**TASK DESCRIPTION**
From the line containing "La belle-sœur" to the line containing "KEYSMART Key Holder for Keychain - Image 2" in the records below, set down every line exactly as it stands, both ends included, and skip the pictures.

**SUPPLIED MATERIAL**
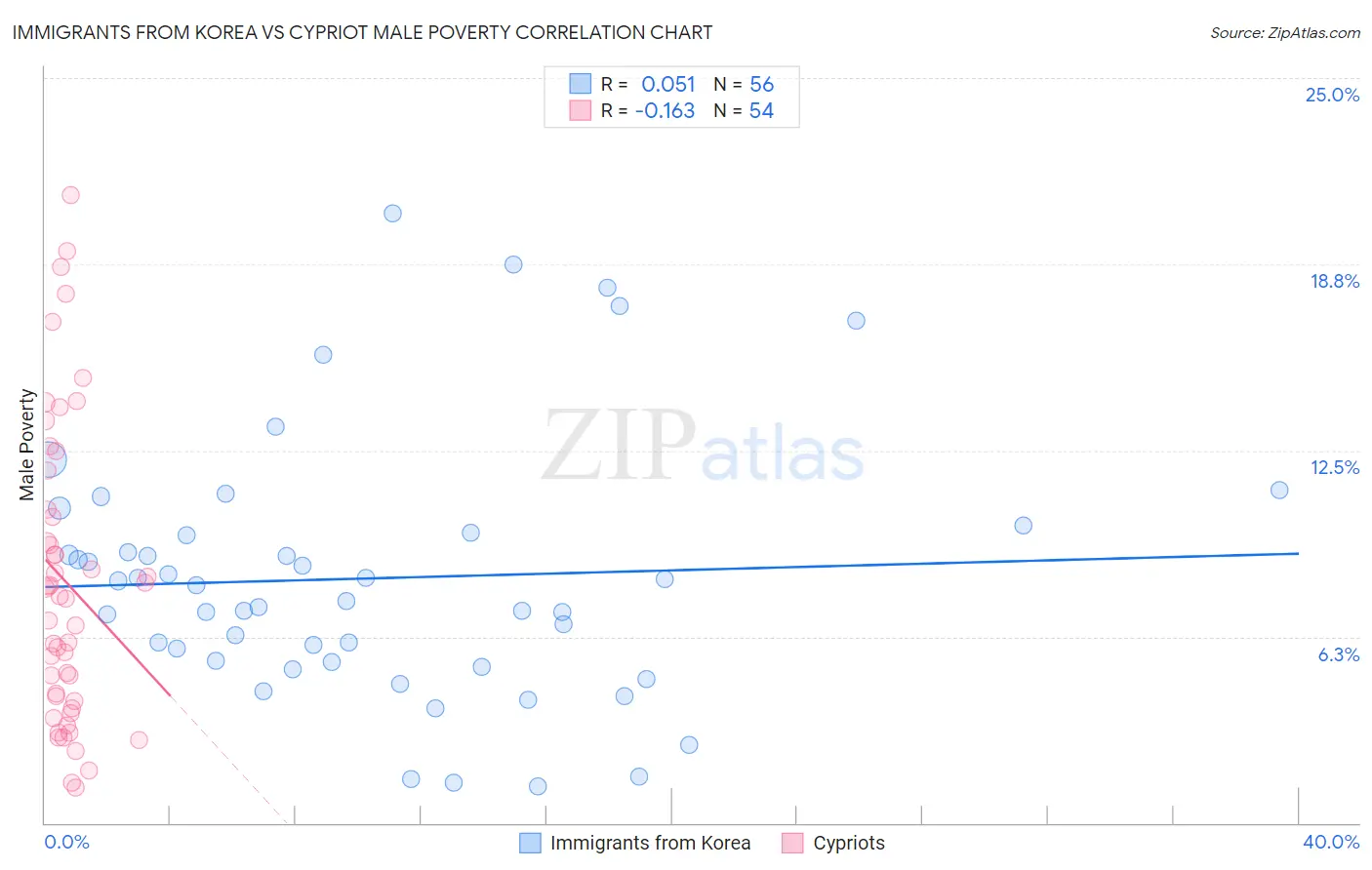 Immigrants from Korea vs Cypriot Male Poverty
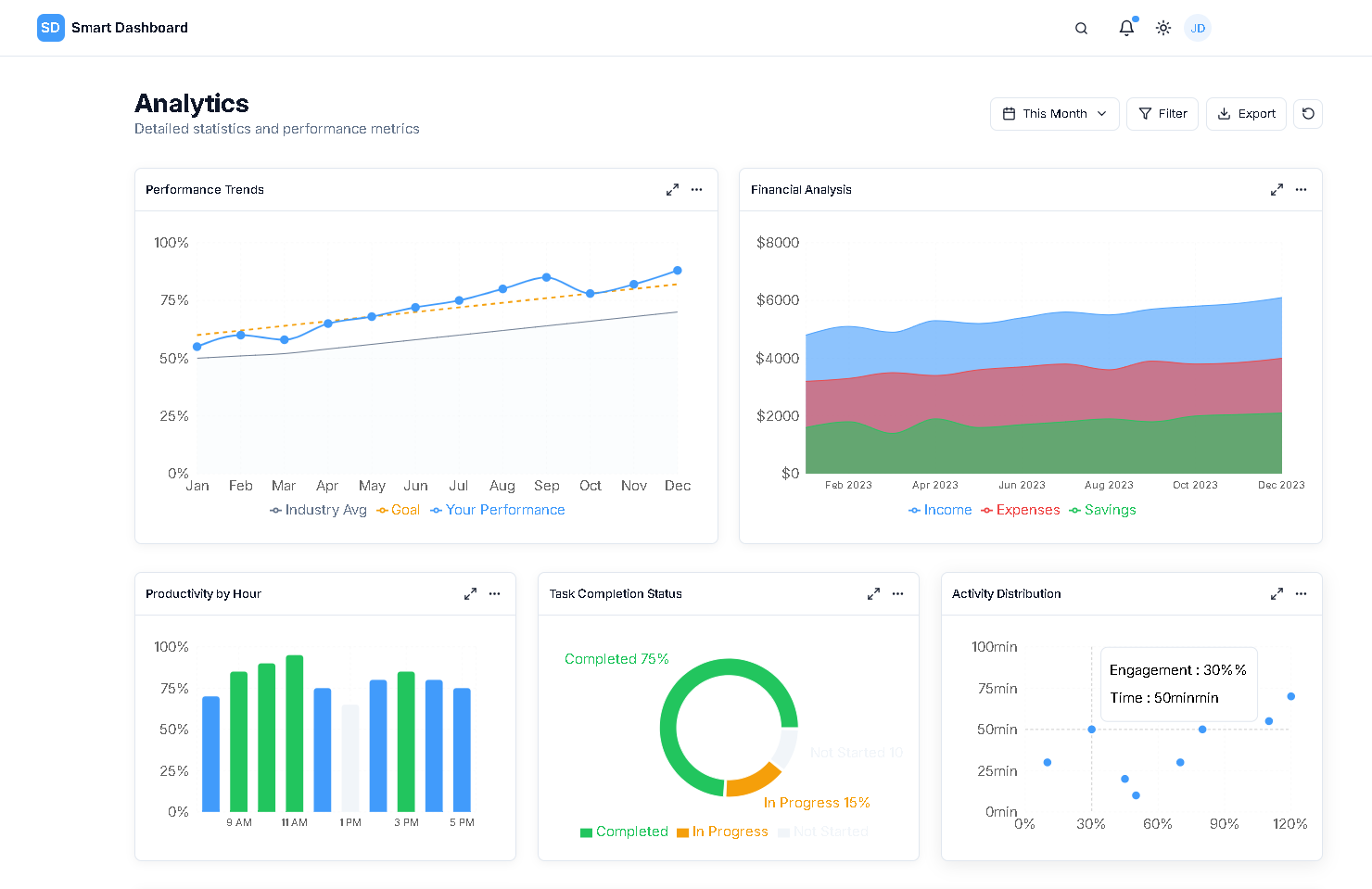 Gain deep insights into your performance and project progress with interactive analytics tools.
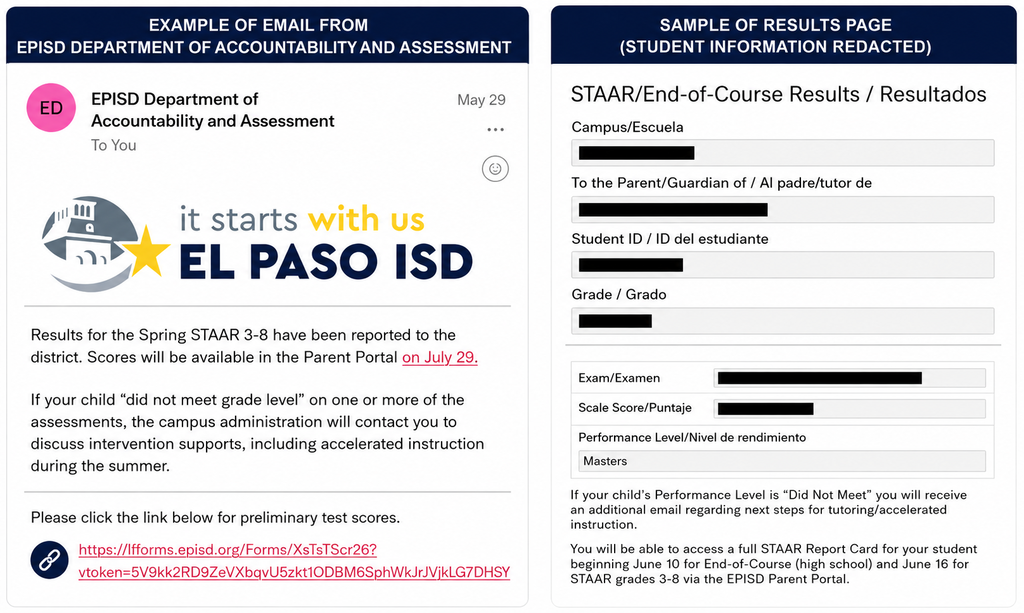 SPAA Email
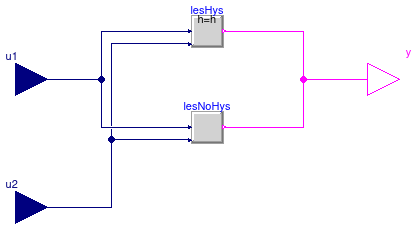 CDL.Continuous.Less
==
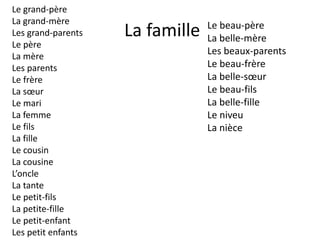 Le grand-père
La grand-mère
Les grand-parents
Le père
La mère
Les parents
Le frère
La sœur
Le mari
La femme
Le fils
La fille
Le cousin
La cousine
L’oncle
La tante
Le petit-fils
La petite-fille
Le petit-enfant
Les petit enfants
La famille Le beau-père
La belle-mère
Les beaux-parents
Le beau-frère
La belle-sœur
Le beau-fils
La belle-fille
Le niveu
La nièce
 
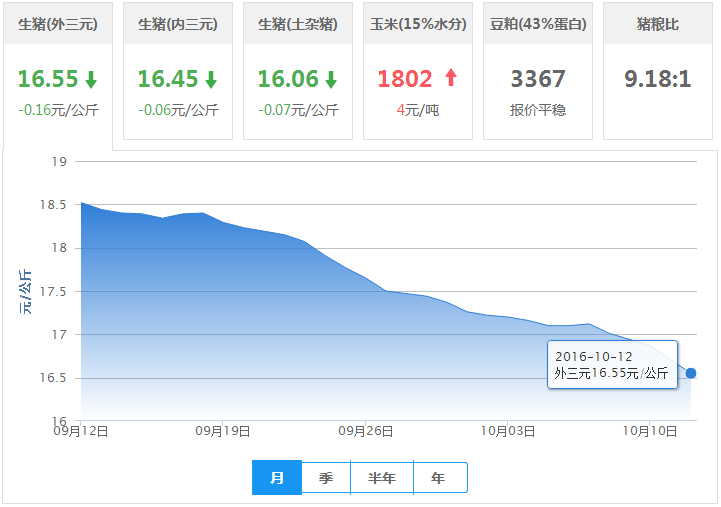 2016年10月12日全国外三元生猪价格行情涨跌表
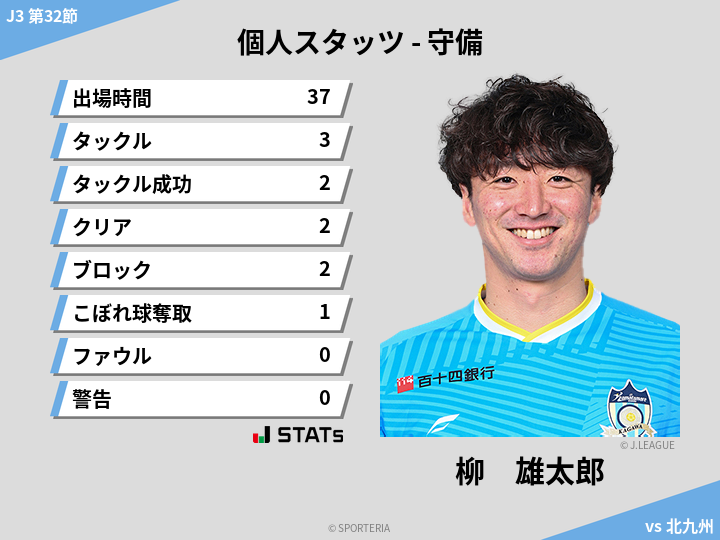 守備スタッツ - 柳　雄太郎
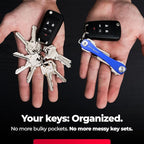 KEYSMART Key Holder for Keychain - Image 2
==
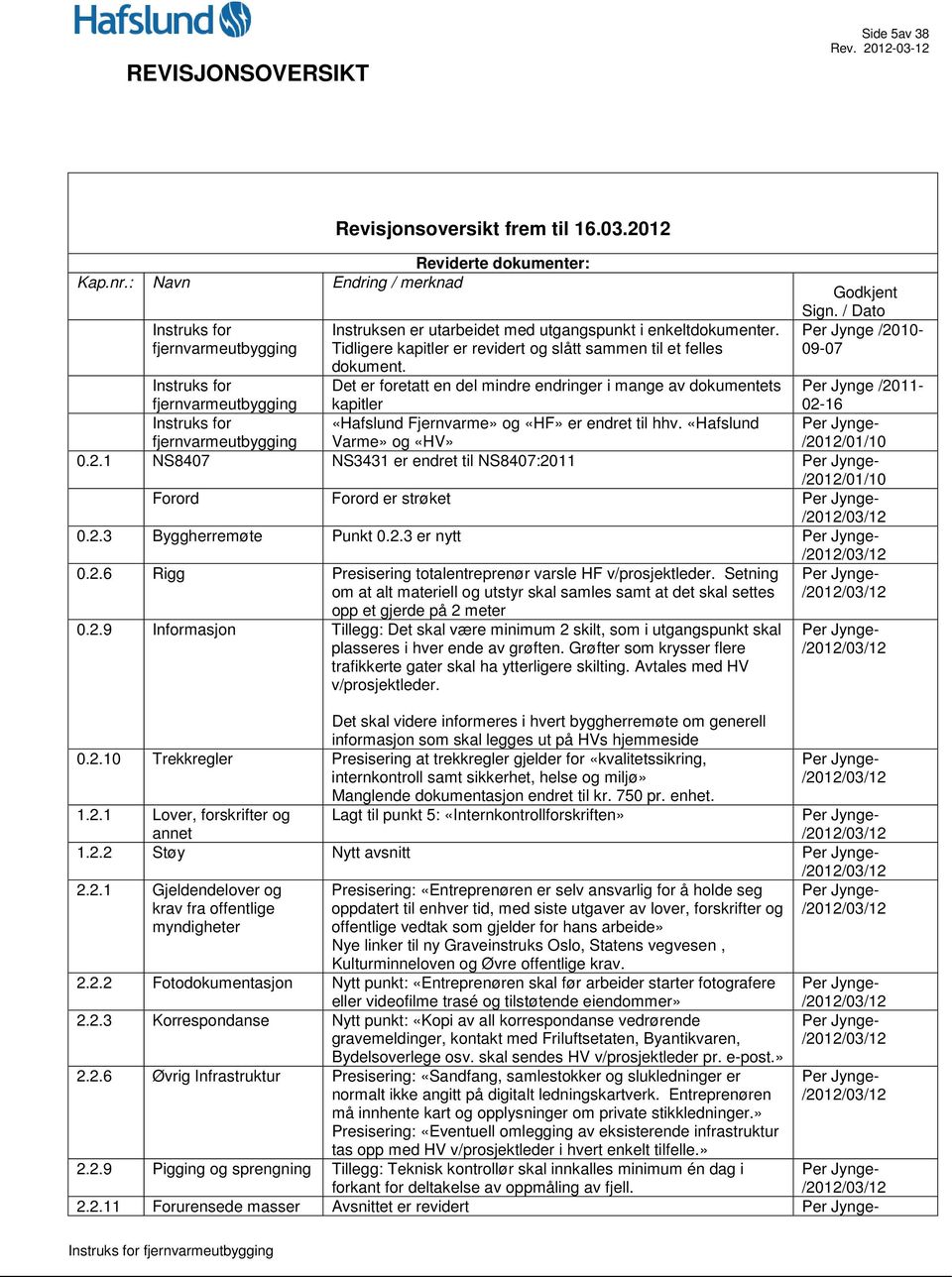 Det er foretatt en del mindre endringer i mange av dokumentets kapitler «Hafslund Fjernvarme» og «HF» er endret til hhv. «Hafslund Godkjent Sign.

**FINISHED EXERCISE**
La belle-sœur
Le beau-fils
La belle-fille
Le niveu
La nièce
 
 2016年10月12日全国外三元生猪价格行情涨跌表
 守備スタッツ - 柳　雄太郎
 KEYSMART Key Holder for Keychain - Image 2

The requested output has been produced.